Tea Party Candidate Christine O'Donnell Sued Conservative Group for Gender Bias
But since that time, things have gotten a bit rocky. Castle, a moderate who previously tried to ignore O'Donnell, has ratcheted up his attacks on her personal finances, launching a "RealChristine.com" website. (The Tea Party Express was apparently not aware of her financial problems when it endorsed her.)
The campaign then took an even more bizarre turn, when a firm recently employed by O'Donnell accused Castle of having a gay affair.
This accusation reminded me that O'Donnell had previously made her own accusation, accusing The Intercollegiate Studies Institute (ISI), a conservative organization, of "gender discrimination."
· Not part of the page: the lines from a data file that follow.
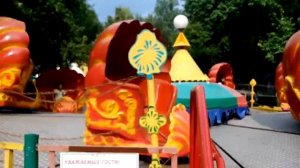 Уфа.Парк "Волшебный мир"Вальс
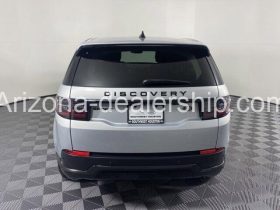 2023 Land Rover Discovery Sport S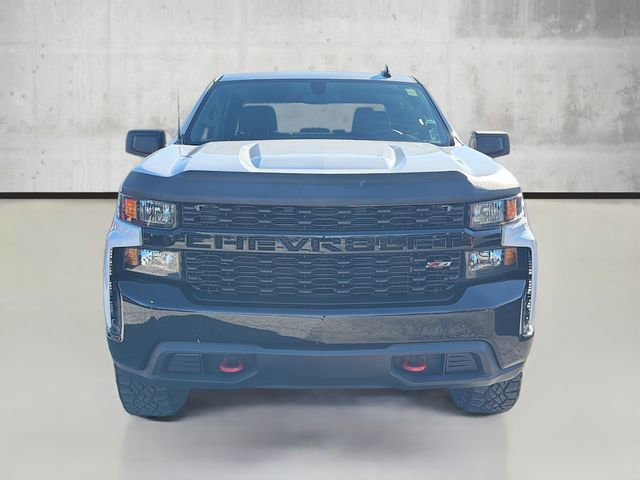 2021 Chevrolet Silverado 1500 Custom Trail Boss photo 2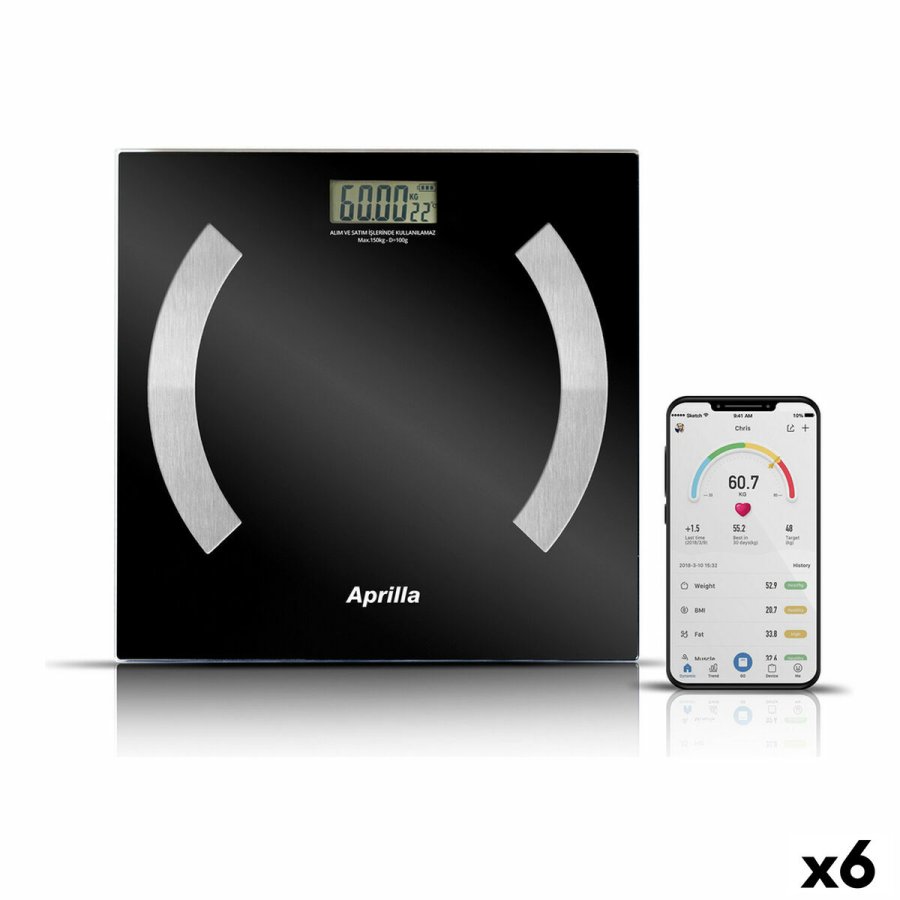 Bluetooth Digital Badevgt Aprilla (6 enheder) #1
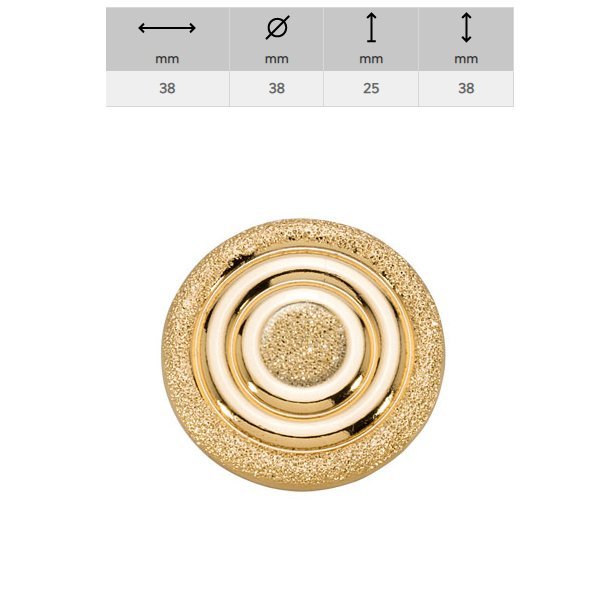 170 frto swar pave 9-4-21 Ιταλικό πομολάκι με swarovski 170 - Image 1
As Ginger Gibson of the Wilmington News Observer reported back in March:
O'Donnell was fired by ISI on Feb. 26, 2004, after she complained to the U.S. Equal Employment Opportunity Commission that she was the victim of gender discrimination, according to court filings. O'Donnell sued ISI in U.S. District Court in 2005, alleging she was fired in retaliation for complaining to the EEOC. In her suit, O'Donnell sought back pay, future pay and punitive damages.
ISI countered that O'Donnell was running a for-profit public-relations business while on the clock.
In January 2008, O'Donnell dropped the lawsuit against ISI, saying at the time she could no longer afford an attorney.
Established in 1953, ISI was founded to encourage the "values and institutions that sustain a free and virtuous society." William F. Buckley was the group's first president.
O'Donnell's history with ISI has not become a major story in the way that her personal finances have. But one wonders how many conservative voters would be surprised to learn the Tea Party candidate in Delaware sued a conservative group for gender discrimination.